§ GOAL OF THE EXERCISE:
Please repeat only the stretch of records running from the first line through the line that contains "Bersihkan sepatu sebelum".

[Extracted data entries]
####################

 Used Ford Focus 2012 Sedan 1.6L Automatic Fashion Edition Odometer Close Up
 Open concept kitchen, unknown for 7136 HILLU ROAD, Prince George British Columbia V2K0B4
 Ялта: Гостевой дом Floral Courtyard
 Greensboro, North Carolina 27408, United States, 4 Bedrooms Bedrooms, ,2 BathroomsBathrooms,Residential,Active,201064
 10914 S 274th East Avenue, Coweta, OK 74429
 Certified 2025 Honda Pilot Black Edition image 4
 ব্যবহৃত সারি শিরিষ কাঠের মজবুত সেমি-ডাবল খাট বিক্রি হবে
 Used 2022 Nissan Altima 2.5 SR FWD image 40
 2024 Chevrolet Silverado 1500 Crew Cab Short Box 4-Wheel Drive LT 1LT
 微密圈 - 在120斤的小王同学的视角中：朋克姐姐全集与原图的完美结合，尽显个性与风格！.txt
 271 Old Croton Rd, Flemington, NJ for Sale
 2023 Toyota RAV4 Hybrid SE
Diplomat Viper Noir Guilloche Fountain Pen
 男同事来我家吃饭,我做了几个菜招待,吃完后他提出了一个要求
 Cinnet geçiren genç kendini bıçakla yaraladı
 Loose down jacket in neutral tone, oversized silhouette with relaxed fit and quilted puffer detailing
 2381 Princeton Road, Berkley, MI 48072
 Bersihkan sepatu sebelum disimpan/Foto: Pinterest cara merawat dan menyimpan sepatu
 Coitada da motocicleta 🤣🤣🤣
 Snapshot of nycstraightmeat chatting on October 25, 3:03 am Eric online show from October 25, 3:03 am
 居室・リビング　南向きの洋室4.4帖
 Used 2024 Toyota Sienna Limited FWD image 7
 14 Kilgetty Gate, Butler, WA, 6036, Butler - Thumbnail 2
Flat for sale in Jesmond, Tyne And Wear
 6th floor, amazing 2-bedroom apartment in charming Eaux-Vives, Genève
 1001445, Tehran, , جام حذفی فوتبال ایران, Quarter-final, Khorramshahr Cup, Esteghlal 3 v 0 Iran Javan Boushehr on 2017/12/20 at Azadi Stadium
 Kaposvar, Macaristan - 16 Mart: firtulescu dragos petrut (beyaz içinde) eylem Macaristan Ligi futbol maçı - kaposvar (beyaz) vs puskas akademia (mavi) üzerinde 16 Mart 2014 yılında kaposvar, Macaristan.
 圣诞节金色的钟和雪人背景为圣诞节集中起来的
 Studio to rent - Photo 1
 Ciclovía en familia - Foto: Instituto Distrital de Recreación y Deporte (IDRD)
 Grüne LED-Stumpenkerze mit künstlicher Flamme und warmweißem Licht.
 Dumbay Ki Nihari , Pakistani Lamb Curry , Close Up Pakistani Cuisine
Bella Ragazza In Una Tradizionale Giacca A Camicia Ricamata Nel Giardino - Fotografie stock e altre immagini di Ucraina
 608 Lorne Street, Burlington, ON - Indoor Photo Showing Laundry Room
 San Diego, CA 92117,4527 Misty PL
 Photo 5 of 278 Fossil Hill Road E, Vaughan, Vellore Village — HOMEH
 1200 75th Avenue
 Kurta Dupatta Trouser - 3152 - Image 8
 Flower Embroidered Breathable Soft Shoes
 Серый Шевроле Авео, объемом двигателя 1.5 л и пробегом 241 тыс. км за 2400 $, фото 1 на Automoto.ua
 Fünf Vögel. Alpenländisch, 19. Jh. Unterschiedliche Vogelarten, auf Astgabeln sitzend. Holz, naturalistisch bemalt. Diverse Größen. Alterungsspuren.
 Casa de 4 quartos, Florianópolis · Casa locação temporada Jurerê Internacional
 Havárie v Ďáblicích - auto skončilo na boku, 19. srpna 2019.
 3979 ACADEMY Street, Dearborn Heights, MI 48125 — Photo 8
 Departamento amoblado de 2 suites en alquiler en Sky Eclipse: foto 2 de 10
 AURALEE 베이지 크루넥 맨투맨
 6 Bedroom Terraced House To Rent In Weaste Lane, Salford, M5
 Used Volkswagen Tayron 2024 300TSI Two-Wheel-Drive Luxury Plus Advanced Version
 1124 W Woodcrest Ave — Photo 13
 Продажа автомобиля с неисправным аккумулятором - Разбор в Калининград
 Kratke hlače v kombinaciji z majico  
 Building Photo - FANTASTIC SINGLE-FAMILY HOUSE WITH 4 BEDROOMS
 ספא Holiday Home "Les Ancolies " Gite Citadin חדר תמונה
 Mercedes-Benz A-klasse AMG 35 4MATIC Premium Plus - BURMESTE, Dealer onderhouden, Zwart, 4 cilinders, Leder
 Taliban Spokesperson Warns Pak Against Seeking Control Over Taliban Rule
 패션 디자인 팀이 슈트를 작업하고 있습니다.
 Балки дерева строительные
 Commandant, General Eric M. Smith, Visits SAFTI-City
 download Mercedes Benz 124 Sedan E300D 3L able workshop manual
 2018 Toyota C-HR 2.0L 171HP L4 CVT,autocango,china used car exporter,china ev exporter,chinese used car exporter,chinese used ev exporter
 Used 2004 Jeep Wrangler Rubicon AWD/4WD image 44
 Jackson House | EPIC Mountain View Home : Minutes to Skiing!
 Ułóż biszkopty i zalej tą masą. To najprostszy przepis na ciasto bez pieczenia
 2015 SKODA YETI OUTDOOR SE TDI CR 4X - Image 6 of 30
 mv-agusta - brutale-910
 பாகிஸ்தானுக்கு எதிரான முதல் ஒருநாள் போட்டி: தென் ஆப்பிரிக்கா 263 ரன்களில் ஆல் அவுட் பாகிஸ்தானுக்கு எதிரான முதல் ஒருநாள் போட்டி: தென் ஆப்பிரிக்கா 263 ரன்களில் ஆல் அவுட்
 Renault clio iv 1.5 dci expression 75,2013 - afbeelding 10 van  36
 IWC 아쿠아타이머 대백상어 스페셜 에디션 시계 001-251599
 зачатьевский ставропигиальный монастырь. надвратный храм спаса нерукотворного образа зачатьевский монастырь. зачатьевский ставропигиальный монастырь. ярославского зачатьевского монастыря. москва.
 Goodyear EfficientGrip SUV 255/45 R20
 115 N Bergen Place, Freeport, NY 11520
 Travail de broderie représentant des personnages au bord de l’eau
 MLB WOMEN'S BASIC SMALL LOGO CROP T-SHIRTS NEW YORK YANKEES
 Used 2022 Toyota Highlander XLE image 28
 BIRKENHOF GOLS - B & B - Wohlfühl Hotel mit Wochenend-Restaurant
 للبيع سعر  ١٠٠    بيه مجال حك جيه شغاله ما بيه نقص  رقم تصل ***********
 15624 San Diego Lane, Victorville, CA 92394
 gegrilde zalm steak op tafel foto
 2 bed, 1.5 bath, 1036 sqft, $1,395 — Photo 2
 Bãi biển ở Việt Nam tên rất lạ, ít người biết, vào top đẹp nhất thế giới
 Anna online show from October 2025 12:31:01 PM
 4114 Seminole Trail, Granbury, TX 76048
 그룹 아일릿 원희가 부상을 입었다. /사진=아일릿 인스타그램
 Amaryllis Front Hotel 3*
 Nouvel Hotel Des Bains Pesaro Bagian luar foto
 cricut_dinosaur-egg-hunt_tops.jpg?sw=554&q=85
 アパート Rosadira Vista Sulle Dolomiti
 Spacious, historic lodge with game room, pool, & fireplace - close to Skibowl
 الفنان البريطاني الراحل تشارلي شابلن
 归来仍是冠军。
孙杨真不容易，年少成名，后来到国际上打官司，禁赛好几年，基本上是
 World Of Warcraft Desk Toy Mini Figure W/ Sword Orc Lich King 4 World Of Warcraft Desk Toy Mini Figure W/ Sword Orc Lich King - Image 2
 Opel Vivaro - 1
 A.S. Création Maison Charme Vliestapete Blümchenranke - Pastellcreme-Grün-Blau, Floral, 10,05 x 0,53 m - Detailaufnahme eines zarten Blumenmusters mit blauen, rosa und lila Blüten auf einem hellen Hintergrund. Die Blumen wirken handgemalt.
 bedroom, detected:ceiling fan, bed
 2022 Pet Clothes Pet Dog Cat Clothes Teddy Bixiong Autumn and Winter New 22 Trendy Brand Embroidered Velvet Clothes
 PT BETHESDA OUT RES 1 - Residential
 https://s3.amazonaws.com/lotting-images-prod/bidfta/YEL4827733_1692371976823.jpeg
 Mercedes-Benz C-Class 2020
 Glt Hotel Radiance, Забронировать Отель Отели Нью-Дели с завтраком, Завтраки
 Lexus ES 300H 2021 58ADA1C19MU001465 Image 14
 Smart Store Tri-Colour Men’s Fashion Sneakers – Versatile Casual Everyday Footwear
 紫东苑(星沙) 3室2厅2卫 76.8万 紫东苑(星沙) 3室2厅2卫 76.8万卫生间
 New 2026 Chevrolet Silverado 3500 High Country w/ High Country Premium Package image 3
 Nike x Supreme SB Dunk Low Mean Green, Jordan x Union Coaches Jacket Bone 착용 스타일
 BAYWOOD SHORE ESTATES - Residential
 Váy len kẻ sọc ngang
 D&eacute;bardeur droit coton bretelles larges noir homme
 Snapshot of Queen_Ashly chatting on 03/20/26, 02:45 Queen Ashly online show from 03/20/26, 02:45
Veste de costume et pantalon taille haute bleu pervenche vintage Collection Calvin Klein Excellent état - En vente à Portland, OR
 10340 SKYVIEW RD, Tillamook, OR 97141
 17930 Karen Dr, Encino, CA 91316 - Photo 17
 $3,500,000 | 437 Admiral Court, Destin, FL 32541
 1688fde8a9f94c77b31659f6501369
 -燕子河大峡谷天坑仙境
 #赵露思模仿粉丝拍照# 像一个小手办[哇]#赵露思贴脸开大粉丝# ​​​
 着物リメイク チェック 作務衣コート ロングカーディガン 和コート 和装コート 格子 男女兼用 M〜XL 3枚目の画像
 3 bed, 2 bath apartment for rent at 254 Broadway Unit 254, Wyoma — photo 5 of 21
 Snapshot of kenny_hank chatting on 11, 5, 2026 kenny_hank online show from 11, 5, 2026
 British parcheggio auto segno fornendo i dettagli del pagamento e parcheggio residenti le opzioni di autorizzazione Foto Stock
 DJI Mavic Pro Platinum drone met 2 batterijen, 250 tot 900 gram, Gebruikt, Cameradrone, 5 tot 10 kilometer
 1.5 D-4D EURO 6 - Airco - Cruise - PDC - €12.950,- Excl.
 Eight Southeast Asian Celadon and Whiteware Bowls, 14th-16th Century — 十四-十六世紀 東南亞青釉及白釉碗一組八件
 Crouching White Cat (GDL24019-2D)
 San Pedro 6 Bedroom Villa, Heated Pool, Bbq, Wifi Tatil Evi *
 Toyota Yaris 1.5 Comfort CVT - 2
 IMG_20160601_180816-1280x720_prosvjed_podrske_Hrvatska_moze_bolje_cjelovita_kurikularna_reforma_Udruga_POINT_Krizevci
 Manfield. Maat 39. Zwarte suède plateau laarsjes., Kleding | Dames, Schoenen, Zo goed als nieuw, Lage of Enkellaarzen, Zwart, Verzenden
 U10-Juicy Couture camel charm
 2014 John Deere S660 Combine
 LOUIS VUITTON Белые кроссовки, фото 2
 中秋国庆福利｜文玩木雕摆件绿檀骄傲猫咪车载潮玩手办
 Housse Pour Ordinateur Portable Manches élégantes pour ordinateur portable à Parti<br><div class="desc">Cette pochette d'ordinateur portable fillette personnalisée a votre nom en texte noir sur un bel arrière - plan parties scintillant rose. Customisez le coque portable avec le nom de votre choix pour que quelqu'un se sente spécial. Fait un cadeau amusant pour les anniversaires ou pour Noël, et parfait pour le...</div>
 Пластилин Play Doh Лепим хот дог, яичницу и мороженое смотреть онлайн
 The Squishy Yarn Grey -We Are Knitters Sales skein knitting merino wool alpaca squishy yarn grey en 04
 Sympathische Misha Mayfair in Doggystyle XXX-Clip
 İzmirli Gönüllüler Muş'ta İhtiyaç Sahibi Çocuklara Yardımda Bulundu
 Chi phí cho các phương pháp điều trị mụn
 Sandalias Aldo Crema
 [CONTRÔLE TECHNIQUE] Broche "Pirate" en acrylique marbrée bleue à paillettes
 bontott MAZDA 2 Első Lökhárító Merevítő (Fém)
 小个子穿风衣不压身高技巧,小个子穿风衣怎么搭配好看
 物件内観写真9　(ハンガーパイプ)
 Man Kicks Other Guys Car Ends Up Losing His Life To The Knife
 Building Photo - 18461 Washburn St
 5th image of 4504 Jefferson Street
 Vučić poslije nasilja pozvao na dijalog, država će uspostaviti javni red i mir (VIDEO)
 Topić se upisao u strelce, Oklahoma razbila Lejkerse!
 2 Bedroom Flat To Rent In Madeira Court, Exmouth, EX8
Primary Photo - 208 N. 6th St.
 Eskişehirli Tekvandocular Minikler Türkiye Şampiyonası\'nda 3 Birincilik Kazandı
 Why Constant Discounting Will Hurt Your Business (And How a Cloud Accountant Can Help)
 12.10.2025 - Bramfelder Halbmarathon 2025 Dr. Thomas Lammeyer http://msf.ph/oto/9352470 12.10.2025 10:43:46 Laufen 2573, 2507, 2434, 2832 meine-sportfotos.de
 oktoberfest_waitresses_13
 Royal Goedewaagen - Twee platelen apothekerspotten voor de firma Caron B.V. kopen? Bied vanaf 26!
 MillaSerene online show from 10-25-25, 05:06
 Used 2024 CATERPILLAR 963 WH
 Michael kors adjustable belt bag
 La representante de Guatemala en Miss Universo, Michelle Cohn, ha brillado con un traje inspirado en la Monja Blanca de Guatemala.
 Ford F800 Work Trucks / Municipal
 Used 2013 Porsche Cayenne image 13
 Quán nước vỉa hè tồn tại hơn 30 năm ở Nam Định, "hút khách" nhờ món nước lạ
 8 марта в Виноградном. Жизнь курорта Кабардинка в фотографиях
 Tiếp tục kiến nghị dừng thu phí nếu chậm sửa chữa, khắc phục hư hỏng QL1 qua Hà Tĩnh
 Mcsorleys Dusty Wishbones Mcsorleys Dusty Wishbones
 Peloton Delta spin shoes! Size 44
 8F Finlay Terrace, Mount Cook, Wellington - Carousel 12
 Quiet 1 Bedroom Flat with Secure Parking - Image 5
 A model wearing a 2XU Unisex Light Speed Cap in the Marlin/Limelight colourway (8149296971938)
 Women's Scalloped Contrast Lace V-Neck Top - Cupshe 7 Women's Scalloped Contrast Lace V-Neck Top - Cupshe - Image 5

####################

§ ANSWER:
 Used Ford Focus 2012 Sedan 1.6L Automatic Fashion Edition Odometer Close Up
 Open concept kitchen, unknown for 7136 HILLU ROAD, Prince George British Columbia V2K0B4
 Ялта: Гостевой дом Floral Courtyard
 Greensboro, North Carolina 27408, United States, 4 Bedrooms Bedrooms, ,2 BathroomsBathrooms,Residential,Active,201064
 10914 S 274th East Avenue, Coweta, OK 74429
 Certified 2025 Honda Pilot Black Edition image 4
 ব্যবহৃত সারি শিরিষ কাঠের মজবুত সেমি-ডাবল খাট বিক্রি হবে
 Used 2022 Nissan Altima 2.5 SR FWD image 40
 2024 Chevrolet Silverado 1500 Crew Cab Short Box 4-Wheel Drive LT 1LT
 微密圈 - 在120斤的小王同学的视角中：朋克姐姐全集与原图的完美结合，尽显个性与风格！.txt
 271 Old Croton Rd, Flemington, NJ for Sale
 2023 Toyota RAV4 Hybrid SE
Diplomat Viper Noir Guilloche Fountain Pen
 男同事来我家吃饭,我做了几个菜招待,吃完后他提出了一个要求
 Cinnet geçiren genç kendini bıçakla yaraladı
 Loose down jacket in neutral tone, oversized silhouette with relaxed fit and quilted puffer detailing
 2381 Princeton Road, Berkley, MI 48072
 Bersihkan sepatu sebelum disimpan/Foto: Pinterest cara merawat dan menyimpan sepatu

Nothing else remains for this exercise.